When the Oppressed Become the Oppressors

Naively, I used to think that the experience itself of being part of an oppressed group would be enough to transform one's ability to see the injustice experienced by others who are oppressed, outcast, or unaccepted in society.

How wrong I was!

Recently, two friends and I were enjoying dinner upstairs at a gay restaurant in DC's Dupont Circle area. It was a cold night and the streets and sidewalks were still slick and slippery with the ice from snow earlier in the day. As we sat near our window, I looked out and saw that an eldely woman had slipped and fallen. An older man was kneeling down beside her as she lay on her back, dabbing at what appeared to be a bloody cut on her forehead. Fortunately, a passing police cruiser stopped and provided the needed assistance. As this scene unfolded, two patrons from the bar next to the dining room came closer to the window for a better view. As one turned around to head back to his martini, he said loudly for everyone to hear, "Oh, it's just some bum!" My dinner companions and I stared at each other incredulously, not believing what we had just heard. Collectively, we were embarrased that "one of us," another gay man, could so easily dismiss another human being.

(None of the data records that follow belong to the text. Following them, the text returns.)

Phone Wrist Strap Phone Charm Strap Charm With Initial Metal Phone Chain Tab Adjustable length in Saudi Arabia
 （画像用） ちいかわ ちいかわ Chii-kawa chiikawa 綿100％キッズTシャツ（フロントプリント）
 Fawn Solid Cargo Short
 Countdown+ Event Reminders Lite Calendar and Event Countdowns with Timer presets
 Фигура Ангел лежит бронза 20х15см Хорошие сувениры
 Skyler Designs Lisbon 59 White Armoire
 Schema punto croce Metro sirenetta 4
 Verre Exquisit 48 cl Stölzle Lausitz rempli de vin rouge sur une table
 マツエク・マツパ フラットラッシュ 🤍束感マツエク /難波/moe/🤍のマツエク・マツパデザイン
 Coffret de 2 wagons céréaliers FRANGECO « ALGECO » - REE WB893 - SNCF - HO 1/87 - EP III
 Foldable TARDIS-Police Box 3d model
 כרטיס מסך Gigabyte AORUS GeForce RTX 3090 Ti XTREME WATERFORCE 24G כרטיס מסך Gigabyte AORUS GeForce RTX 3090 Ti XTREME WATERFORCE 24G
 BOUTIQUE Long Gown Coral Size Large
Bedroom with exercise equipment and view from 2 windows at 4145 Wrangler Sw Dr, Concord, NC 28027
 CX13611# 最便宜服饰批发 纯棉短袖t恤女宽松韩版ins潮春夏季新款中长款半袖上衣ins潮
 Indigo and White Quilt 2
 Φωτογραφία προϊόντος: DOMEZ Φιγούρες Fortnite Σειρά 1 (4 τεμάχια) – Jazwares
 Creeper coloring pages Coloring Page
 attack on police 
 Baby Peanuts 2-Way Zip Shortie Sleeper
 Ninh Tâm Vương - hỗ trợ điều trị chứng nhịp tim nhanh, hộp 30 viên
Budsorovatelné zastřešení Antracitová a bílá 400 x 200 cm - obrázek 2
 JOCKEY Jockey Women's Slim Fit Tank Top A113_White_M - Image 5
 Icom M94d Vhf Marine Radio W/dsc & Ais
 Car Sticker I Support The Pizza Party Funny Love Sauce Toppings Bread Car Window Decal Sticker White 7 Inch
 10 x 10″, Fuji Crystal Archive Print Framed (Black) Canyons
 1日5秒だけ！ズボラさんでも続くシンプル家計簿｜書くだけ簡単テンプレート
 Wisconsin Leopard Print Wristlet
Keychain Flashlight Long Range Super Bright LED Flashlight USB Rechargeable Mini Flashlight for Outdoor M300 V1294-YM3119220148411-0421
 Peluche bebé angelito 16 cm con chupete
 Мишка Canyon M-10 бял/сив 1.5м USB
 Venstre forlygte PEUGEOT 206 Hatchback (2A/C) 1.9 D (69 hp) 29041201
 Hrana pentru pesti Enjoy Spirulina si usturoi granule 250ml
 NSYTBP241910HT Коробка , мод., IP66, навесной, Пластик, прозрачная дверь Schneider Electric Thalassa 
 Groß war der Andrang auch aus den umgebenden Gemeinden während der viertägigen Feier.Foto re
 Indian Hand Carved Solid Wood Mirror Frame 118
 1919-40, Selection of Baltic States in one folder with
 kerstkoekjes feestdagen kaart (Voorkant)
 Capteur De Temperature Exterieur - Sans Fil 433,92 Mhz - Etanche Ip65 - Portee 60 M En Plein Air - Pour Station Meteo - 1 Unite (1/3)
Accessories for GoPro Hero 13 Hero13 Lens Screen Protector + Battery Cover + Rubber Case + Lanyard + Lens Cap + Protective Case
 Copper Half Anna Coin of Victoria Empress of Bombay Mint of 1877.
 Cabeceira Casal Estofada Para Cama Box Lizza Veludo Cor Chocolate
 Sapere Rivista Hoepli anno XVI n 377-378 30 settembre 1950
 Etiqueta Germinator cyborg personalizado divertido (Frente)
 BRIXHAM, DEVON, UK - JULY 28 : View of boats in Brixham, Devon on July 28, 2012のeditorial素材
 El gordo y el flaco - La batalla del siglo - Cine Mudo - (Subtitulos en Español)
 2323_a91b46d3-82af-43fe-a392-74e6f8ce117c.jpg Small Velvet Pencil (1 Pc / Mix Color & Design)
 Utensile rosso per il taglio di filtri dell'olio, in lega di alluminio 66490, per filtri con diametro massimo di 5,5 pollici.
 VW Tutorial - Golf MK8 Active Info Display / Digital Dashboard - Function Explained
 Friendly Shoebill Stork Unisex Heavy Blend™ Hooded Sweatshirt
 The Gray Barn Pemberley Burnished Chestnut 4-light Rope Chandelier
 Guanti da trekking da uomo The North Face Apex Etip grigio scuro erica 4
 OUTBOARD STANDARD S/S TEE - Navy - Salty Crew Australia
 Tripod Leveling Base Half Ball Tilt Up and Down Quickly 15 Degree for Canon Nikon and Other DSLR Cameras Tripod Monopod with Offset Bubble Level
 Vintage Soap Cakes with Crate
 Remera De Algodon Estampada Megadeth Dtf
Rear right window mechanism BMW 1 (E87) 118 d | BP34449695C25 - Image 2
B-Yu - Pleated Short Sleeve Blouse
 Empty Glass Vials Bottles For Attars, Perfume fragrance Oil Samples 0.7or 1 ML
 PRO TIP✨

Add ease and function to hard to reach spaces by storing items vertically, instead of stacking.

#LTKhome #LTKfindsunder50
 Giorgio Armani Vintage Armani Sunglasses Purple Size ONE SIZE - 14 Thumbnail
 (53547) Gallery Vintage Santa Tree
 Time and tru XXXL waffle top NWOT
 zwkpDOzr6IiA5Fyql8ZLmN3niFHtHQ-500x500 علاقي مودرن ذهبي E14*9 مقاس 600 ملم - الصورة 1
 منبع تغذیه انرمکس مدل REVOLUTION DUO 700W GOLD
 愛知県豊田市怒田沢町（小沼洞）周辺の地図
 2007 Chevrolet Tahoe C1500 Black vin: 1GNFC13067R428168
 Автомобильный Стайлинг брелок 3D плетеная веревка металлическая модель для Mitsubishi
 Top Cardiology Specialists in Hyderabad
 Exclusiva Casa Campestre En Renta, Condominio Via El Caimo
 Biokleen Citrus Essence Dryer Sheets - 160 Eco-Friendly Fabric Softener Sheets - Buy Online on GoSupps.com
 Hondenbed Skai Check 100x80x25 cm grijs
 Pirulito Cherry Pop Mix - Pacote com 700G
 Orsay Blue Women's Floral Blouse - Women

It seems, however, that the Presiding Bishop of the Episcopal Church is also quite able (and willing!) to forget the oppressions of the past. Katharine Jefferts Shori was elected last year to lead the U.S. branch of the Anglican Communion. At a recent meeting of the primates, or heads of all Anglican Communion Churches meeting in Tanzania, she agreed to call upon the Episcopal Church not to consecrate any more gay bishops and to cease the blessing of same-sex unions. Does Jefferts Shori fail to remember that it was the courage and boldness of the Episcopal Church to allow the priestly ordination and episcopal consecration of women that brought her to where she is today? Does she not realize that she could never have reached her position of pastoral leadership in most of the other Anglican Communion churches which still do not allow women to wear the collar, let alone the miter!?!

Jefferts Shori claims that she still supports the "full inclusion" of gay men and women in the life of the Church. How then, can she reconcile this position with her signature on the Tanzania document? Perhaps she has been in the promised land of episcopal leadership too long and forgotten what life in Egypt was like!

Monday, March 05, 2007

Misuse of Marriage

In these days when there is so much vilification of the notion and supporters of "same-sex marriage," it has become standard fare for those who oppose efforts at legalizang same-sex unions to speak of heterosexual marriage in nothing short of glowing terms. "Marriage," "traditional marriage" and the "institution of marriage" are spoken of as if these could save any society from whatever cultural ills might ail it.

Thus, it was a refreshing dose of reality to read the remarks of Archbishop Celestino Migliore, the Vatican's permanent observer to the United Nations, atthe 51st session of the Commission on the Status of Women. In decrying many of the ways in which some nations, cultures and societies around the world fail to respect the human dignity of women and girls, Migliore stated that, "Even the institution of marriage is sometimes misused to give a safe facade to sexual exploitation and slave labor by means of what are known as 'mail order brides' and 'temporary brides'."